The listing below has to be output exactly as given, less its pictures.

• Stored data:
- - -

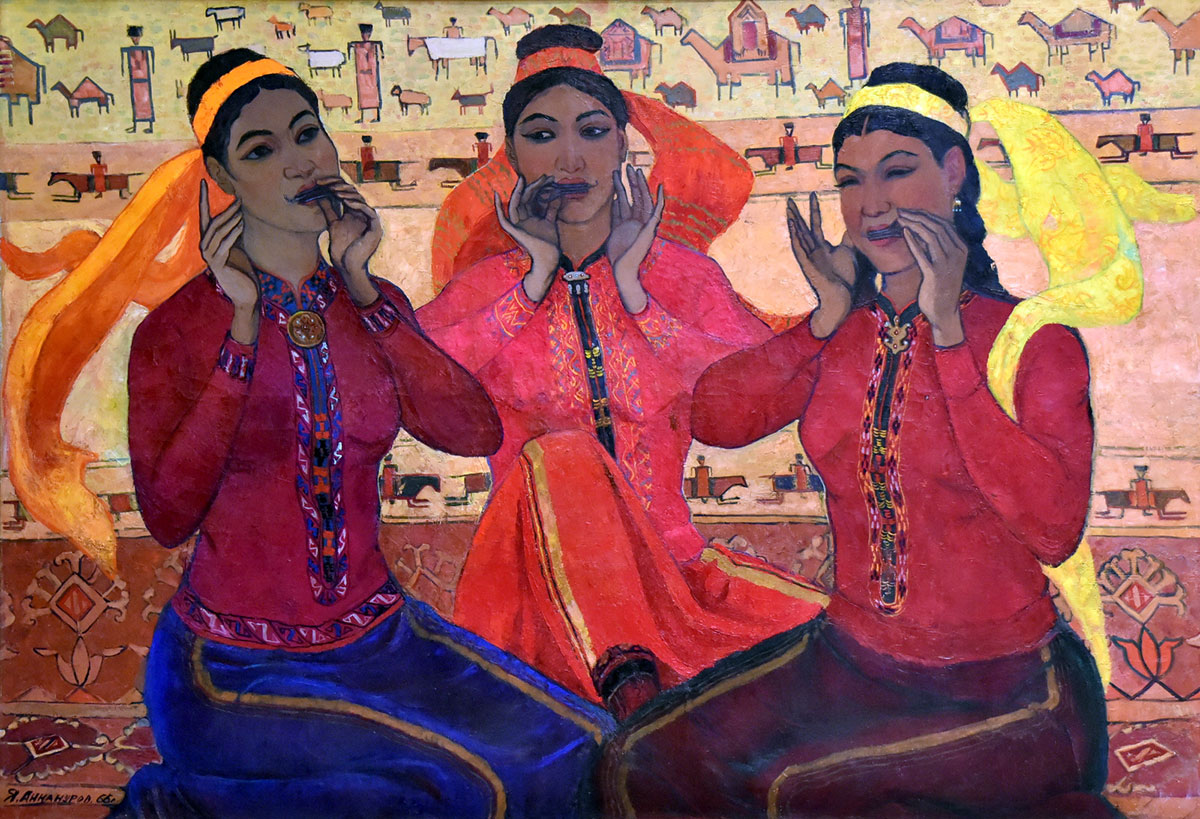 Тематическая экспозиция Музея ИЗО передаёт атмосферу всенародного праздника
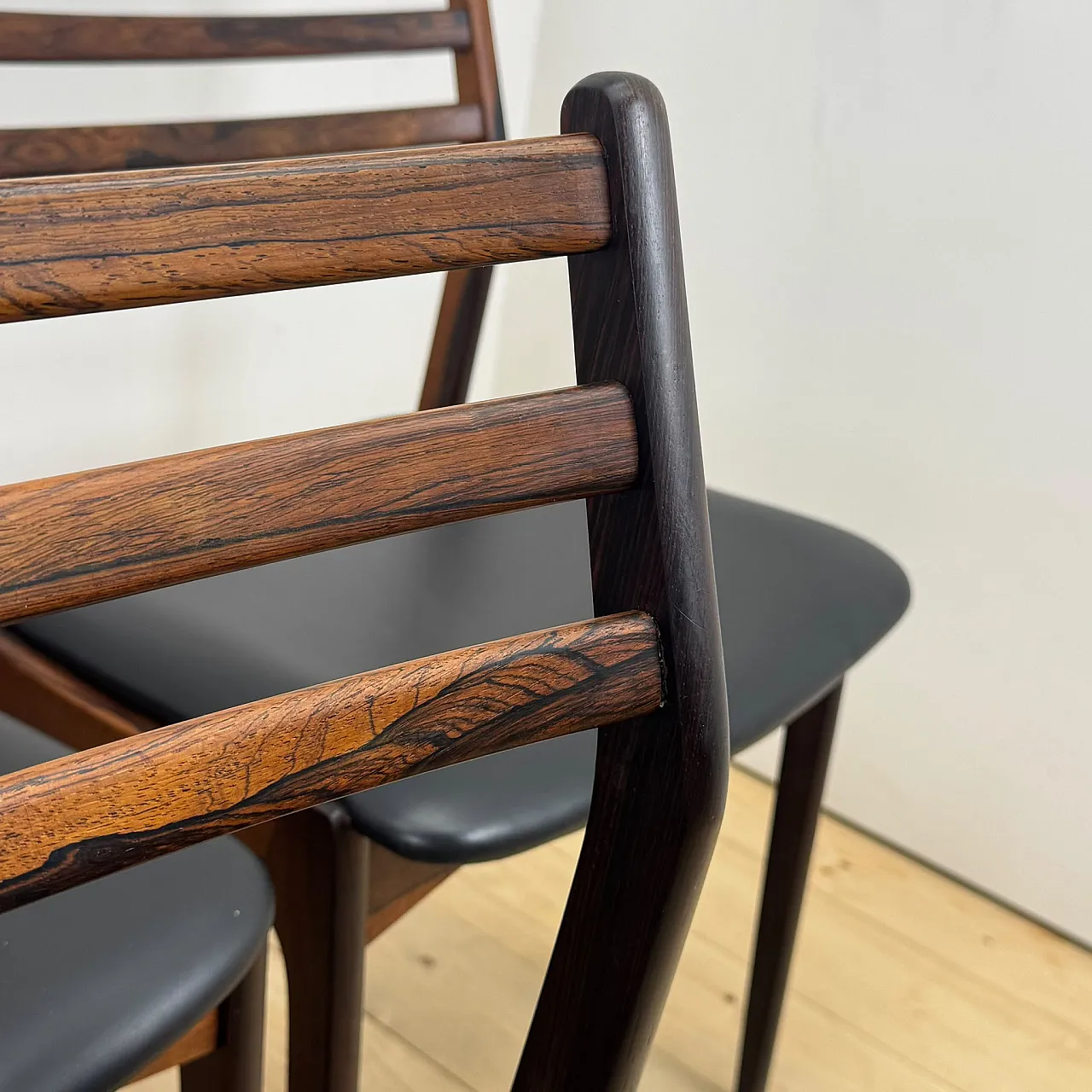 6 Chairs by Vestervig Eriksen in rosewood, 1960s 6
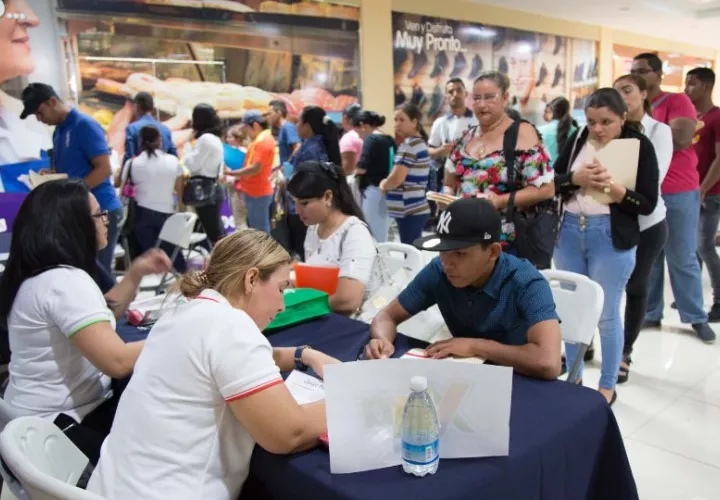 Jóvenes en busca de empleos. Foto: Archivo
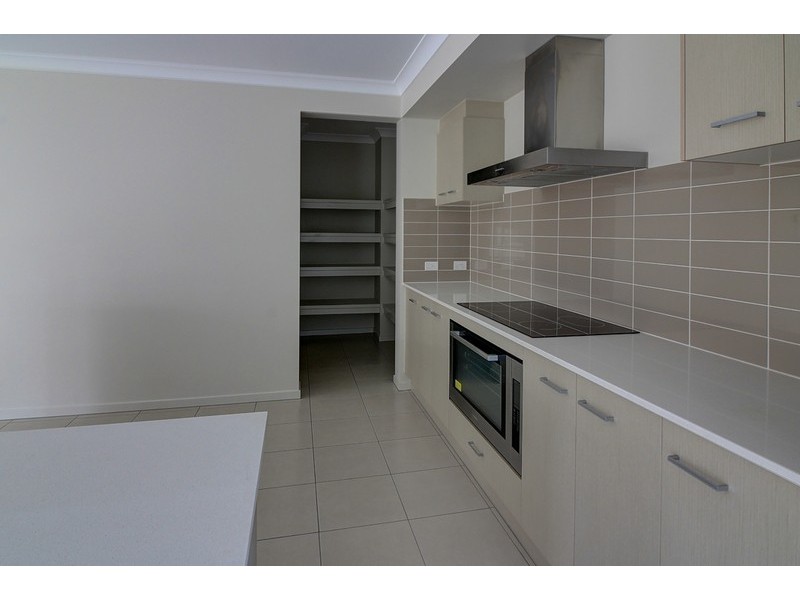 32 Kookaburra Cct, Rochedale QLD 4123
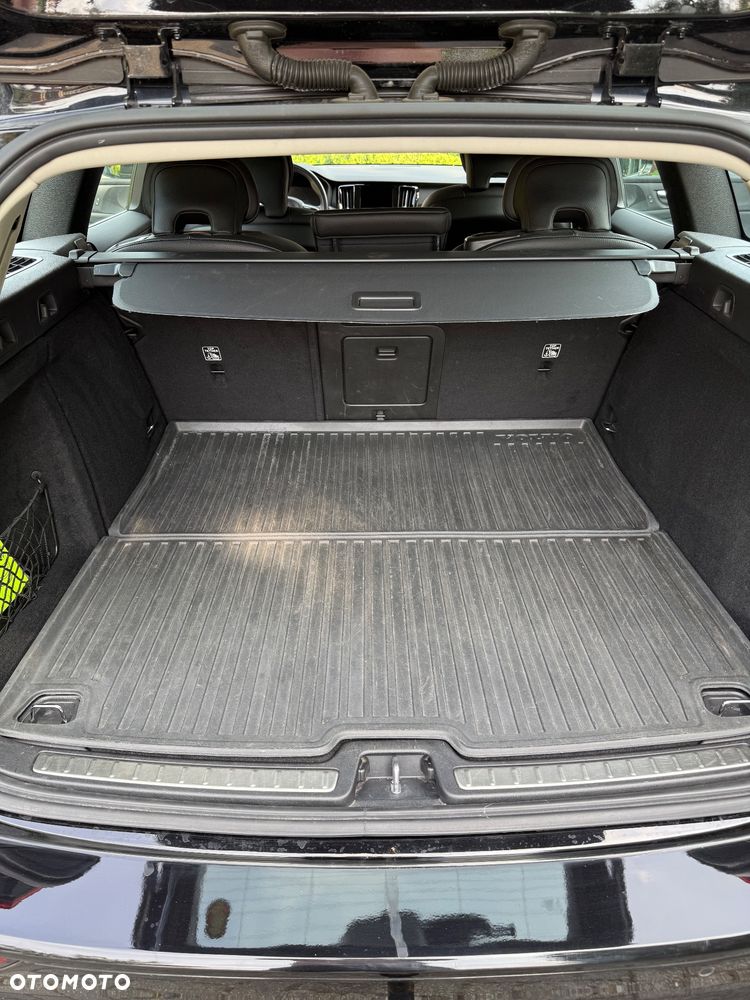 Volvo V60 B4 D Geartronic Momentum Pro - 30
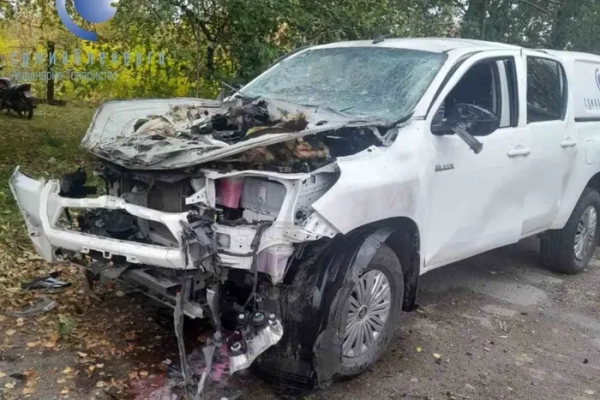 Окупанти врізалися в автомобіль, що належить енергетичним працівникам у Білопіллі (фото)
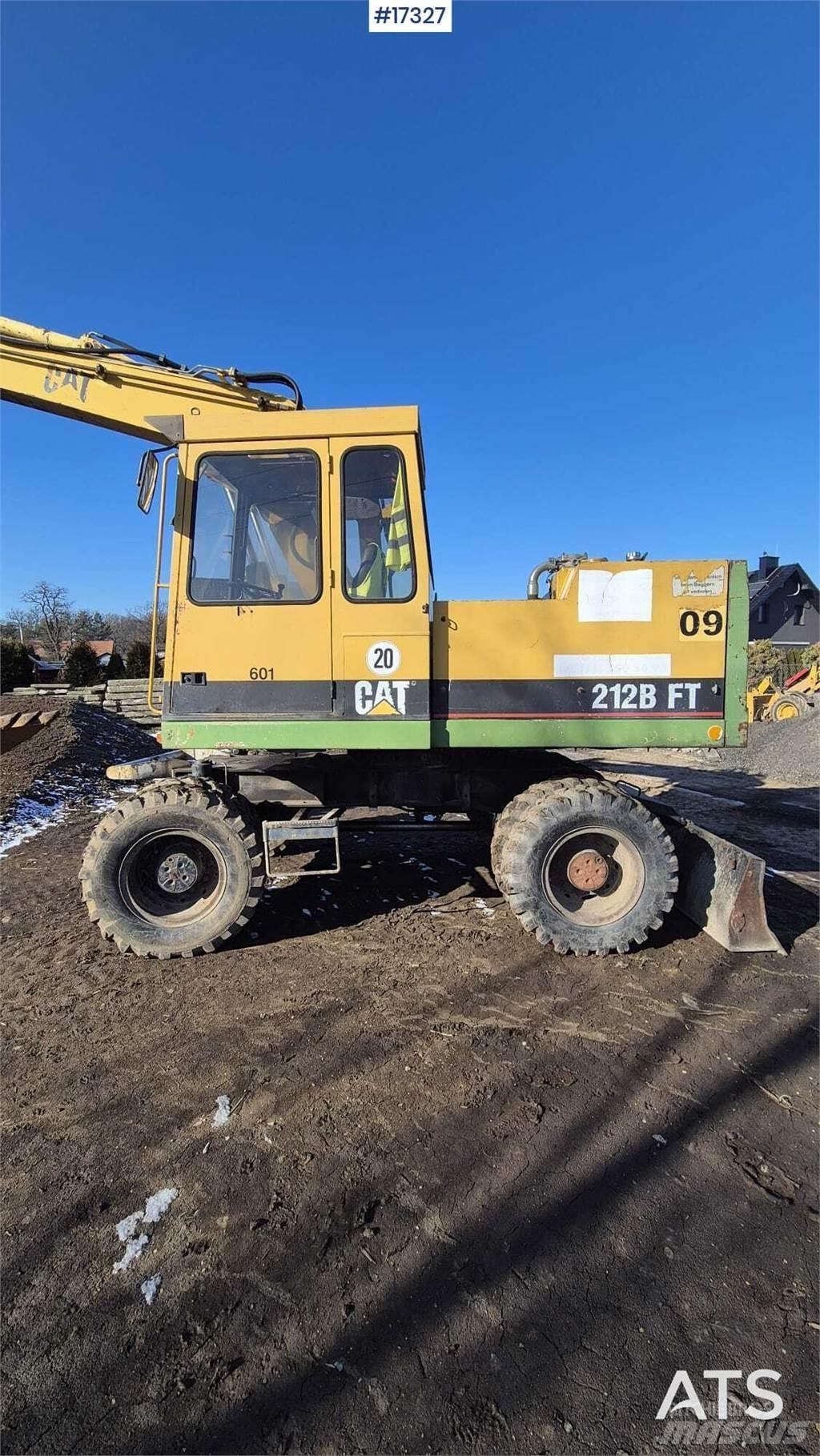 CAT 212BFT Колесни екскаватори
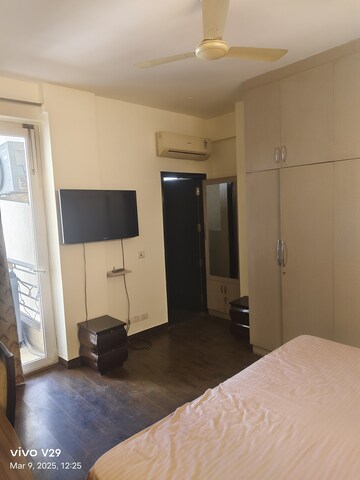 Room in 3 BHK Apartment at Shiv Shankar Society, Sector 51 – for Rent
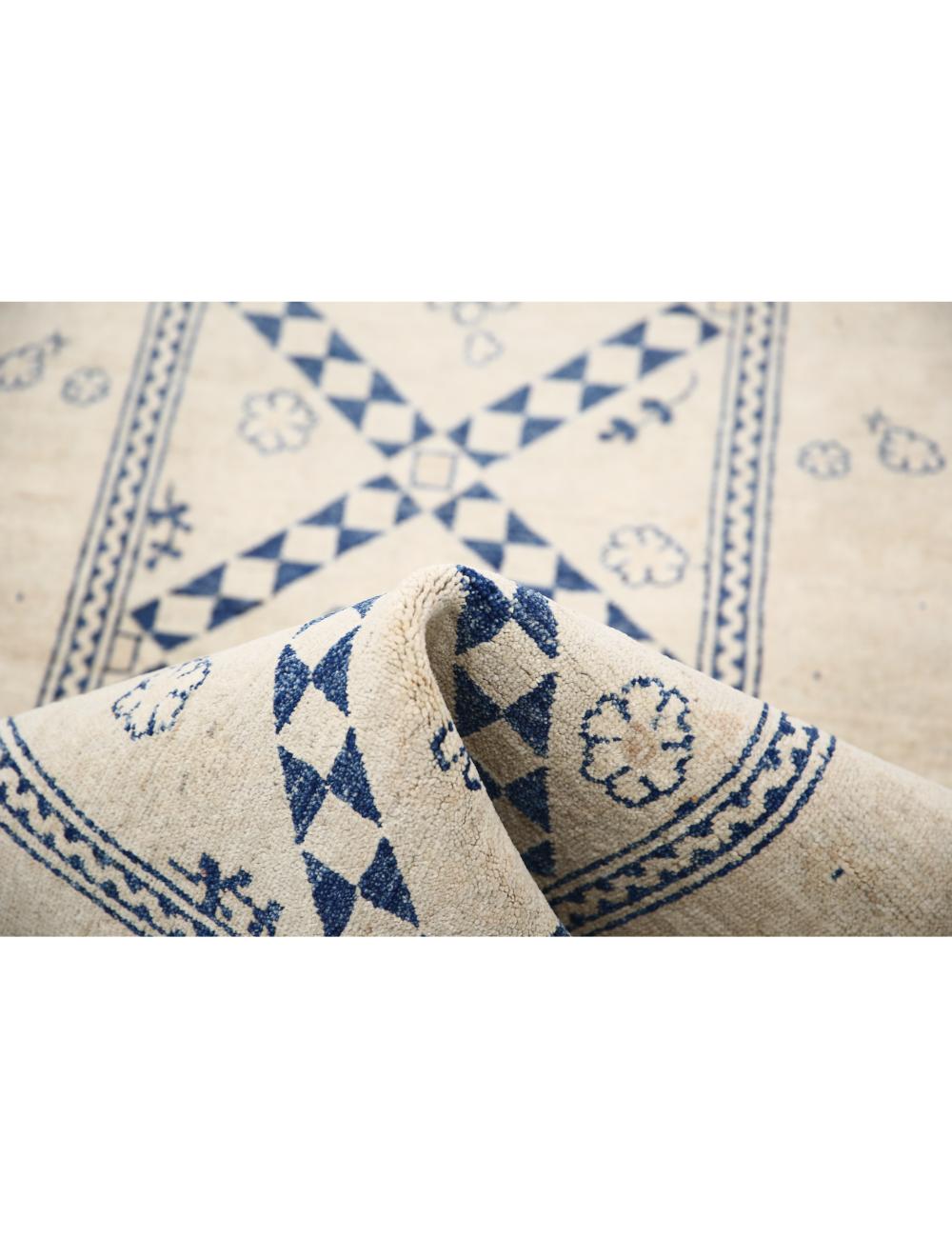Ziegler 2' 6" X 9' 11" Hand-Knotted Wool Rug 2' 6" X 9' 11" (76 X 302) / Ivory / Blue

- - -

• Solution:
 Тематическая экспозиция Музея ИЗО передаёт атмосферу всенародного праздника
 6 Chairs by Vestervig Eriksen in rosewood, 1960s 6
 Jóvenes en busca de empleos. Foto: Archivo
 32 Kookaburra Cct, Rochedale QLD 4123
 Volvo V60 B4 D Geartronic Momentum Pro - 30
 Окупанти врізалися в автомобіль, що належить енергетичним працівникам у Білопіллі (фото)
 CAT 212BFT Колесни екскаватори
 Room in 3 BHK Apartment at Shiv Shankar Society, Sector 51 – for Rent
Ziegler 2' 6" X 9' 11" Hand-Knotted Wool Rug 2' 6" X 9' 11" (76 X 302) / Ivory / Blue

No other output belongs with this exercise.